| WHAT TO DO |
Each line from the first down to the one containing "4th image of 6008 NE 76th Avenue" should be returned exactly as it appears below.

| RAW DATA |
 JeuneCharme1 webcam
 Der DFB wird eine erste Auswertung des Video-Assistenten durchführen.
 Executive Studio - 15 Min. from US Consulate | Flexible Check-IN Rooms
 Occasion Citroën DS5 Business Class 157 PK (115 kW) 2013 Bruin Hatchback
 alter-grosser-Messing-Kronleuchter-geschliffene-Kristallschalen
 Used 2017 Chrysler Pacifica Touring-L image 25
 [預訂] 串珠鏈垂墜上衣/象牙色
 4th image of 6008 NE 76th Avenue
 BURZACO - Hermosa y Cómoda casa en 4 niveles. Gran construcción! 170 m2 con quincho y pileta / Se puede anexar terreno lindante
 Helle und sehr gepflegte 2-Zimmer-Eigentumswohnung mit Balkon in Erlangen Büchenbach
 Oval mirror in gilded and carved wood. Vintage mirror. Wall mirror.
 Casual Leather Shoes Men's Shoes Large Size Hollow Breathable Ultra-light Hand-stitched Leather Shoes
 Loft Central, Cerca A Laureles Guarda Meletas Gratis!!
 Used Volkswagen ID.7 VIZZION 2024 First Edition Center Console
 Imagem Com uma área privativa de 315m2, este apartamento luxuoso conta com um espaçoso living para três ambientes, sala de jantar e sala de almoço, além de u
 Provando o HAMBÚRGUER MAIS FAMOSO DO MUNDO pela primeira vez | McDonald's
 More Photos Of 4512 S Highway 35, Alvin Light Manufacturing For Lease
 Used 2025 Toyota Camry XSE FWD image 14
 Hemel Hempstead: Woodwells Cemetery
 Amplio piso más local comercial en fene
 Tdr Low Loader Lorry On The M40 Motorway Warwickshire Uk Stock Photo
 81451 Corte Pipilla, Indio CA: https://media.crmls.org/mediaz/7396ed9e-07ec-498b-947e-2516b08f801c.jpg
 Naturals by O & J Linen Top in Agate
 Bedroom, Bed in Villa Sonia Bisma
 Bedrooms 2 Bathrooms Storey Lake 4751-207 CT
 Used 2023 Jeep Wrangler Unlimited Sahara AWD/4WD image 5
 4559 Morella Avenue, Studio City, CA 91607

| TASK RESULT |
 JeuneCharme1 webcam
 Der DFB wird eine erste Auswertung des Video-Assistenten durchführen.
 Executive Studio - 15 Min. from US Consulate | Flexible Check-IN Rooms
 Occasion Citroën DS5 Business Class 157 PK (115 kW) 2013 Bruin Hatchback
 alter-grosser-Messing-Kronleuchter-geschliffene-Kristallschalen
 Used 2017 Chrysler Pacifica Touring-L image 25
 [預訂] 串珠鏈垂墜上衣/象牙色
 4th image of 6008 NE 76th Avenue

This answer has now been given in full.